In a 14 team baseball league, each team played each of the other teams 10 times. At the end of the season, the number of games won by each team differed from those won by the team that immediately followed it by the same amount. Determine the greatest number of games the last place team could have won, assuming that no ties were allowed.
Problem
Source:
Tags: arithmetic sequence
LordoftheMorons
27.01.2006 23:40
There are a even number of teams, so the middle two teamss (7th and 8th place) could have won 66 and 64 games, respectively.
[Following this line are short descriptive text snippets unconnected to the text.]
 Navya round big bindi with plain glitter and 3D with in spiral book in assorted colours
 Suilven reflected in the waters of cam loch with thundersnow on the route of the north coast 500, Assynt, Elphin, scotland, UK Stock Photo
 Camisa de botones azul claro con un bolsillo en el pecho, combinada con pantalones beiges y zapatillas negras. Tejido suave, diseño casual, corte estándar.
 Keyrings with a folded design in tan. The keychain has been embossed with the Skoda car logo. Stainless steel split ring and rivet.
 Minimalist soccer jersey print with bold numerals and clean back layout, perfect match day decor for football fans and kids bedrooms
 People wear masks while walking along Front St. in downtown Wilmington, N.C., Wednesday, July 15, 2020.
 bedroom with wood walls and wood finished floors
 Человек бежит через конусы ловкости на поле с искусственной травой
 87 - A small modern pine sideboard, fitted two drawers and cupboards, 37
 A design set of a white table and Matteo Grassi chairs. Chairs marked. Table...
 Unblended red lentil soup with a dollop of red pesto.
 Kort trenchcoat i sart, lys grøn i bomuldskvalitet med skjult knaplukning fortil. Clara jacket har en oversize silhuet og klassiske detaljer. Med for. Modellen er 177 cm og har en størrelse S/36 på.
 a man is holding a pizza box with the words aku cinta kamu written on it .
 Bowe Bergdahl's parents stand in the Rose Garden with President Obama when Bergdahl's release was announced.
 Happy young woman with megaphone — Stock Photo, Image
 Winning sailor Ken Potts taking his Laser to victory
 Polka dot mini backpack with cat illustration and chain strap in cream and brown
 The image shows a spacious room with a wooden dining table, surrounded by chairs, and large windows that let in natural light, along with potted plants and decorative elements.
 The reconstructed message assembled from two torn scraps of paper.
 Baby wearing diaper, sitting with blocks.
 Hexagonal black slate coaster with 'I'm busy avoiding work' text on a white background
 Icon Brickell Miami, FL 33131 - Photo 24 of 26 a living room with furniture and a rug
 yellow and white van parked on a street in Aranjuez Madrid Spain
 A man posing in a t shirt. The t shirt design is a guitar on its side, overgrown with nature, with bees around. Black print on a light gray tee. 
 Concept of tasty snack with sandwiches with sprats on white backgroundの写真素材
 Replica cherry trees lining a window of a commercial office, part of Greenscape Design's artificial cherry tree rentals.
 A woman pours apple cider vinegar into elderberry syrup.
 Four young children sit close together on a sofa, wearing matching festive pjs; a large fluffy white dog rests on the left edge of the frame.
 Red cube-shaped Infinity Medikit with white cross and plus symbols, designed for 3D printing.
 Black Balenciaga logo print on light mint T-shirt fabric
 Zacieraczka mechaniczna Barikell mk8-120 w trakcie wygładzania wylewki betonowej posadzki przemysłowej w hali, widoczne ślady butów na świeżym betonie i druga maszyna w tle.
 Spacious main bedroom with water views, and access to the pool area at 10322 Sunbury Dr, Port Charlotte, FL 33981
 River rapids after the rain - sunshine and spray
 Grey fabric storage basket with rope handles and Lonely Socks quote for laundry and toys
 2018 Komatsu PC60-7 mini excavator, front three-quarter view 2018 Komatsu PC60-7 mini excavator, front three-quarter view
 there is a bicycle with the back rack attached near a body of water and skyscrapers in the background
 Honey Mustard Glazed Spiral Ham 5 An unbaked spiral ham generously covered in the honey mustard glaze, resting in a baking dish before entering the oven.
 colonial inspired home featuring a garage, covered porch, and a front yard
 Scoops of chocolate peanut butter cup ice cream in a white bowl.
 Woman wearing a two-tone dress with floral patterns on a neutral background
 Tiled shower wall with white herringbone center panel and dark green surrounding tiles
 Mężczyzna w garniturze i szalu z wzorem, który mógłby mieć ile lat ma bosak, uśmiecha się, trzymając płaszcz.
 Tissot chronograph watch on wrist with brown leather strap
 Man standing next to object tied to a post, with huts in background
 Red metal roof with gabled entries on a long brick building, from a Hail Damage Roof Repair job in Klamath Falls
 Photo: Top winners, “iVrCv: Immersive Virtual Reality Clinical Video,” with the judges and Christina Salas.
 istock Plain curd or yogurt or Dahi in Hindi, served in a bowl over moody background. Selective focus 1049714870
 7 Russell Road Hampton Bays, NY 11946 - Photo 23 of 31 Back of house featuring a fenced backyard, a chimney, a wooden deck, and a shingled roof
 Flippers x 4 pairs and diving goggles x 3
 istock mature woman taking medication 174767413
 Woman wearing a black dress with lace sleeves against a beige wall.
Then the score is reduced by 2 each time, leaving the last (14th) place team with 52 wins.
catcurio
28.01.2006 19:22
There are $10(13+1)\left(\frac{13}{2}\right)=910$ games played. Letting $n$ be the number of games the last place team won, $n+n+2+n+4\cdots+n+26=910$. So $n=52$.
JesusFreak197
28.01.2006 20:08
Each team played $130$ games, so there were $10\binom{14}{2}=910$ games played. We have an arithmetic sequence, so $a+(a+d)+(a+2d)+...+(a+13d)=14a+91d=7(2a+13d)=910$, so $2a+13d=130$, with both $a$ and $d$ integers. Obviously, $d$ must be even, and we want to minimize $d$. $d=2$, so $a=\boxed{52}$.